Ciò che noi chiamiamo "letteratura" in realtà è varie cose. Si tratta di uno di quei termini a geometria variabile, buoni per un po' tutti gli usi, nell'ambito però di una certa coerenza concettuale.
E' stato usato nel senso di "tutto ciò che riguarda la cultura di un popolo, cultura che ha avuto una materializzazione in forma di scrittura". Una cosa piuttosto vasta, anche impegnativa, da cui rimaneva esclusa tutta la cultura orale e il sistema della comunicazione e dei significati non scritti - dunque gran parte delle manifestazioni artistiche e tecniche di un sistema sociale.
Un uso più restrittivo ha riguardato l'individuazione con i prodotti di contenuto "artistico" ma scritti di un gruppo di individui. Così quei generi che si sono canonizzati nell'Ottocento: lirica, narrativa (romanzo, novella ecc.). Con punte riguardanti anche il teatro, di cui si valorizzavano gli autori drammaturgici (sceneggiatori). La connessione diretta tra letteratura e quel sistema sociale particolare che veniva individuato come "nazione", era proprio dell'inserirsi di tale operazione culturale all'interno della nascita (ideologica) delle nazioni europee tra Ottocento e Novecento. Il divenire la "letteratura" una delle "materie" del corso di studi della formazione scolastica all'interno delle nuove organizzazioni statali (occidentali) ha permesso al concetto e al suo contenuto ideologico di mantenere una certa identità nel corso del secolo.
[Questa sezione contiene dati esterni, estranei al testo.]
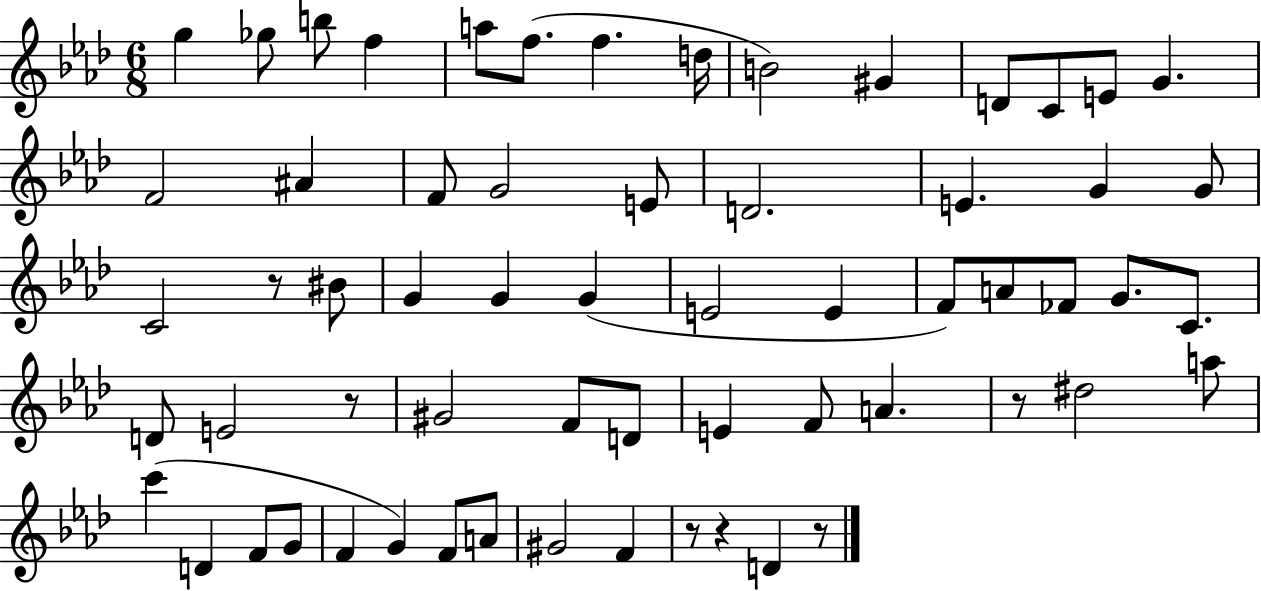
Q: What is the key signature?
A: AES major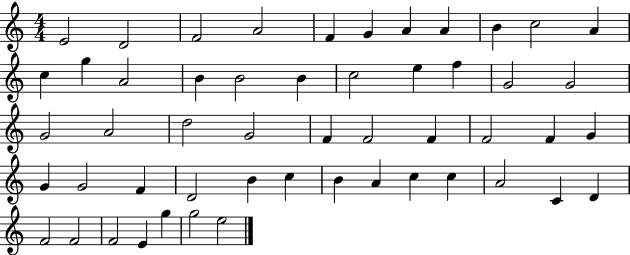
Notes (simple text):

E4/h D4/h F4/h A4/h F4/q G4/q A4/q A4/q B4/q C5/h A4/q C5/q G5/q A4/h B4/q B4/h B4/q C5/h E5/q F5/q G4/h G4/h G4/h A4/h D5/h G4/h F4/q F4/h F4/q F4/h F4/q G4/q G4/q G4/h F4/q D4/h B4/q C5/q B4/q A4/q C5/q C5/q A4/h C4/q D4/q F4/h F4/h F4/h E4/q G5/q G5/h E5/h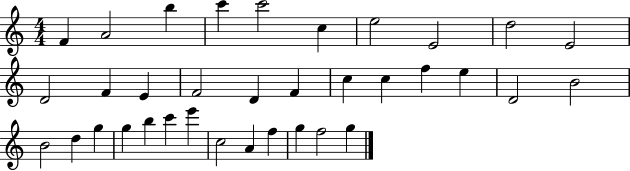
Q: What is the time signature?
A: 4/4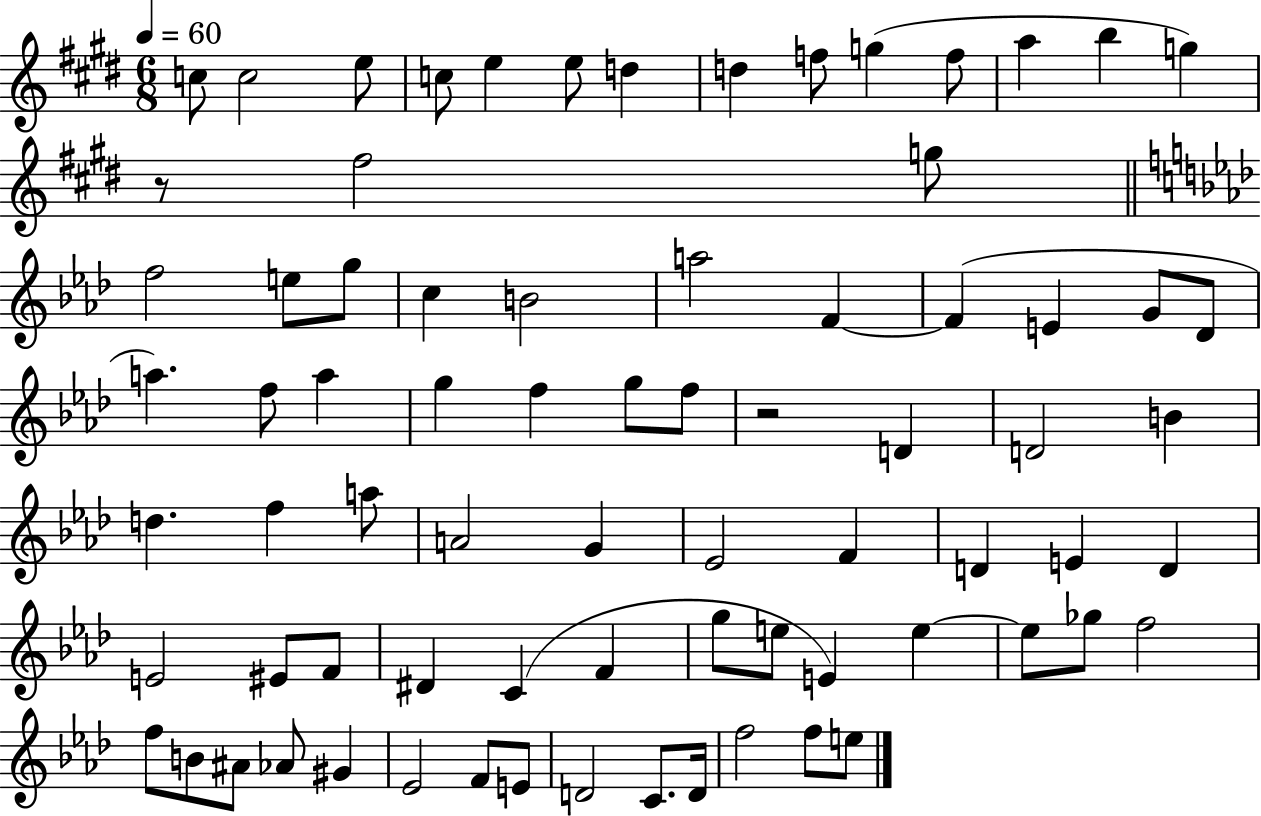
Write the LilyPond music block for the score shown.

Inizio pagina Alla fine del Novecento, il termine ha cominciato a subire un processo di dilatazione. Si comincia a pensare di inserire anche le manifestazioni culturali provenienti dall'intersezione tra musica e lirica o tra musica e teatro (rispettivamente: la canzone e l'opera lirica). Si comincia a guardare anche al cinema come a un genere nei cui confronti è possibile uno sconfinamento e un arricchimento fagocitatorio. Il fenomeno dilatatorio riguarda soprattutto la fiction, che vede alla fine del Novecento una preminenza quantitativa e diffusiva, rispetto alla produzione lirica (che aveva avuto maggiore importanza agli inizi dell'Ottocento). La "letteratura" così tende sempre più a essere "fiction e narrativa" nelle sue realizzazioni in forma scritta, cinematografica o radiofonica, internettistica o multimediale ecc., mantenendo come isole le realizzazioni e produzioni liriche.
L'esistenza dell'industria della cultura crea problemi anche qui. Da una parte "il mercato" decreta la marginalizzazione della produzione e della lettura della lirica. Dall'altra la produzione e la vendita di narrativa scritta mantiene una sua validità e consistenza; mentre la produzione cinematografica diventa una industria a sé stante. Gli altri media vivono ai margini, con proprie nicchie di mercato e con peculiarità specifiche (es. la radio che vive grazie al mecenatismo statale: sono le radio di Stato che continuano a produrre "letteratura", mentre le radio commerciali e private non sembra abbiano finora prodotto alcunché).